Les premiers ouvrages qui donnèrent de la réputation à Jacopo furent les portraits de Giorgio Cornaro et de Caterina, reine de Chypre[2]; une Passion du Christ qu’il envoya à Vérone[3], renfermant beaucoup de figures et dans laquelle il introduisit son propre portrait ; enfin une Histoire de la Croix qui, dit-on, est aujourd’hui dans l’école de San Giovanni Evangelista[4], toutes œuvres qui furent peintes, ainsi que d’autres, par Jacopo avec l’aide de ses fils. La dernière est sur toile, comme cela a été presque toujours l’habitude des Vénitiens, qui peignirent rarement, comme on le fait autre part, sur des panneaux en bois d’aubier ou de peuplier blanc, arbres qui poussent le long des cours d’eau et dont le bois est vraiment très doux et excellent pour peindre dessus, parce qu’il reste très solide une fois mastiqué dans les joints.
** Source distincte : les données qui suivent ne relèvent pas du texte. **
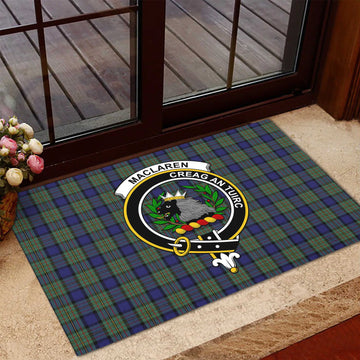 MacLaren (McLaren) Tartan Rubber Doormat with Family Crest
Mais, à Venise, on ne fait point de ces panneaux, ou si, par hasard on en fait, on n’emploie que le sapin dont cette ville est abondamment pourvue parce que l’Adige en amène, en abondance, de l’Allemagne, sans parler de celui que fournit l’Esclavonie. Ainsi, on a coutume, à Venise, de peindre sur toile, soit parce qu’elle ne peut se fendre ou devenir vermoulue, soit parce qu’elle se prête à toutes les dimensions, soit enfin parce que les tableaux sur toile peuvent être transportés où l’on veut, sans difficulté ni dépense.
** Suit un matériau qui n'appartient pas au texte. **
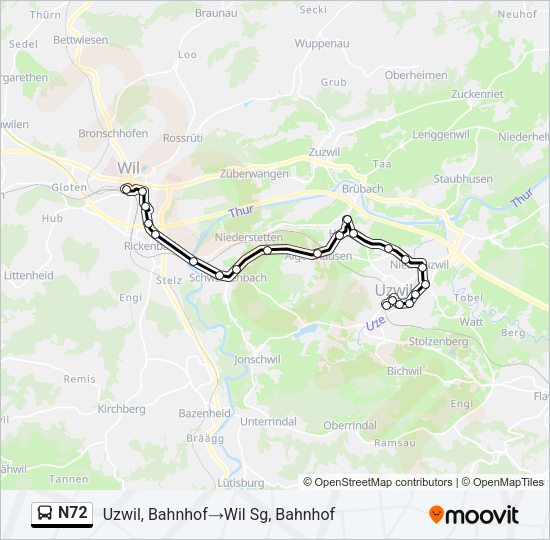 N72 Bus Line Map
Quoiqu’il en soit Jacopo et Gentile firent leurs premières œuvres sur toile et à cette Histoire de la Croix, Gentile ajouta sept ou huit tableaux[5] où il représenta le miracle de la Croix qui est conservé comme relique dans l’école susdite et dont voici l’histoire. Cette relique étant tombée, je ne sais comment, du haut du Ponte della Paglia dans le canal, quantité de gens, poussés par la vénération qu’ils portaient au bois de la Croix de Jésus-Christ, se jetèrent à l’eau pour la retirer ; mais la volonté de Dieu fut que personne n’était digne de pouvoir la retrouver si ce n’est le frère gardien de cette école[6]. Gentile donc représenta cette histoire et traça, en perspective, sur le

  1. Gentile était l’aîné.
  2. Peintures perdues.
  3. C’était une fresque, détruite au XVIIIe siècle.
  4. N’existe plus.
  5. Il en reste deux sur toile, dont celui sous-mentionné, à l’Académie des Beaux-Arts de Venise.
  6. Il s’appelait Andrea Vendramino.